Original (1) and new (2) proposed structures of eushearilide.
Results and Discussion
In order to synthesize 2, we first performed the transformation to desired seco acid 13 starting from aldehyde 3 with phosphonium salt 4 (Scheme 1; For experimental procedures of 3 and 4, see Supplementary Information). Stereoselective formation of the (E)-olefin moiety at C16-C17 in 2 could be achieved via a trans-selective modified Wittig olefination, also known as the Schlosser modification.16, 17, 18 Transformation of aldehyde 3 with phosphonium salt 4 via the modified Wittig reaction was performed to afford desired coupling product 5 in good yield exclusively in the trans-form. The configuration of the double bond (C8-C9) in 5 was assigned as E based on the downfield shifts of the allylic methylene (δC 32.6 (C7) and δC 32.6 (C10)), while the Z-configuration was deduced from the upfield chemical shifts of the allylic methylene (δC 27.3 (C7) and δC 27.2 (C10)).19, 20, 21, 22 Successive deprotection of the terminal TBS group in 5 and subsequent oxidation of obtained alcohol 6 afforded corresponding aldehyde 7 in high yield. Aldol product 9, which possesses a (3S,23S) configuration, was stereoselectively synthesized via the asymmetric Mukaiyama aldol reaction23, 24, 25 of 1-ethylthio-1-(trimethylsiloxy)ethene (8), which was derived from S-ethyl propanethioate, with obtained aldehyde 7 in the presence of an (R)-diamine-Sn(II) complex as the catalyst with nBu3SnF. Next, the transesterification of thioester 9 with silver trifluoroacetate was performed to provide corresponding ethyl ester 10. Consecutive p-methoxybenzyl (PMB) protection of the secondary hydroxyl group in 10 and deprotection of the BOM group followed by saponification of the ethyl ester moiety yielded desired seco acid 13, a precursor of the ring-closing product, in good yield.

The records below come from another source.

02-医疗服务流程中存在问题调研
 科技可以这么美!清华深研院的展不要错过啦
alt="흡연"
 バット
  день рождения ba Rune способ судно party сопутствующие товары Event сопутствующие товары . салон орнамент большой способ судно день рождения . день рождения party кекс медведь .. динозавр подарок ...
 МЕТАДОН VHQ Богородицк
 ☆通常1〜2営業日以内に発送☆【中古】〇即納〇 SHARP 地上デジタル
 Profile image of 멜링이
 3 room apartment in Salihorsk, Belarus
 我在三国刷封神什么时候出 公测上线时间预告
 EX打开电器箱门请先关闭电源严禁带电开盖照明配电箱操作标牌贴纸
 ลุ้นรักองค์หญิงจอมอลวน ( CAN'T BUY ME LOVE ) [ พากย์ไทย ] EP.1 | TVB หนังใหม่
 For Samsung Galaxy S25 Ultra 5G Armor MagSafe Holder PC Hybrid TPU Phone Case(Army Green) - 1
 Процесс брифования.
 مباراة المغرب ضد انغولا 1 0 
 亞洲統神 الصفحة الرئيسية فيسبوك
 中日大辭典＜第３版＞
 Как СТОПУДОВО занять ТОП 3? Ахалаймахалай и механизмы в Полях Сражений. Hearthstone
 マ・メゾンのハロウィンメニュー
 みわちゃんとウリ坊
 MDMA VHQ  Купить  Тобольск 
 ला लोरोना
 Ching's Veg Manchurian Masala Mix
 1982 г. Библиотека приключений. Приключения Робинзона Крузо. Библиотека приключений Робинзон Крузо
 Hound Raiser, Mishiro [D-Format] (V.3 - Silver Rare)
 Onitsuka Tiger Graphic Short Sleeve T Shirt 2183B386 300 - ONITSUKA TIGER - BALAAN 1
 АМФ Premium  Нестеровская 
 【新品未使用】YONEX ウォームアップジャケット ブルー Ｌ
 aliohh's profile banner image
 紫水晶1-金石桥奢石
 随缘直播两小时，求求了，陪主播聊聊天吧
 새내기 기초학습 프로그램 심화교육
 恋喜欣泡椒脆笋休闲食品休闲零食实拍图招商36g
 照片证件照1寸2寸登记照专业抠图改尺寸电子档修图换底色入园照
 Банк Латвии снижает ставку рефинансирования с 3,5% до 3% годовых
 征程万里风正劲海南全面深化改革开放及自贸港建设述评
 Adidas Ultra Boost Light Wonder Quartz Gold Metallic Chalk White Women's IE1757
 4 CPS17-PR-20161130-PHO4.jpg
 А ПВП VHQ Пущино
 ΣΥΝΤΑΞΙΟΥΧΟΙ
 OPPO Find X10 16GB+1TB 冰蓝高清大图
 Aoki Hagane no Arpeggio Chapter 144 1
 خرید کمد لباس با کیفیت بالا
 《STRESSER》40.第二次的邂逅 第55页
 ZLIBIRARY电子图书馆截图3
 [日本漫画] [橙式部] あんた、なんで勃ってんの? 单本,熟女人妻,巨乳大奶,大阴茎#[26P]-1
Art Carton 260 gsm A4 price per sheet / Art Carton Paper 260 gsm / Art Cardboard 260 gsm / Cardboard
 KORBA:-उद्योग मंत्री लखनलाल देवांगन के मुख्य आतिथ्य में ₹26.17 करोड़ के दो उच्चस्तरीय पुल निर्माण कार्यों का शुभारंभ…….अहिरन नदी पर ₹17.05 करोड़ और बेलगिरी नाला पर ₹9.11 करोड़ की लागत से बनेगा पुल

Next, we attempted the macrolactonization of seco acid 13 via the MNBA method in the presence of DMAP as a nucleophilic catalyst (Scheme 2).7, 8, 9, 10, 11, 12, 13, 14, 15 An excess amount (6.0 eq.) of DMAP was employed with MNBA in dichloromethane at room temperature to afford 24-membered lactone 14 in 67% yield. After the successful macrolactonization using MNBA, a choline residue was attached to the obtained macrolactone framework. Following deprotection of the PMB group in 14 with 2,3-dichloro-5,6-dicyano-1,4-benzoquinone, a phosphorylcholine moiety26 was introduced on the secondary hydroxyl group in 15 to yield the desired (3S,16E,20E,23S)-2.
The 1H and 13C NMR spectra of the desired compound 2 were then compared with those of the natural product (Table 1). Owing to the newly stereoselective construction of the (E)-olefin moiety at C16-C17 in 2, the chemical shifts of all carbons in 2 were in complete agreement with those of the natural product reported in the literature,1 as clearly shown in Figure 2. Moreover, the optical rotation sense of 2 ([α]D25+11.3 (c 0.85, MeOH)) was consistent with that reported for naturally occurring eushearilide ([α]D25+12.8 (c 0.75, MeOH)).1 From these results, we were able to determine the complete stereostructure of eushearilide.
Δδ (p.p.m.) of the 13C NMR chemical shifts of (3S,16E,20E,23S)-2 in CDCl3. Δδ corresponds to the difference in the chemical shift of the natural and synthetic products (Δδ=δ (synthetic)−δ (natural)).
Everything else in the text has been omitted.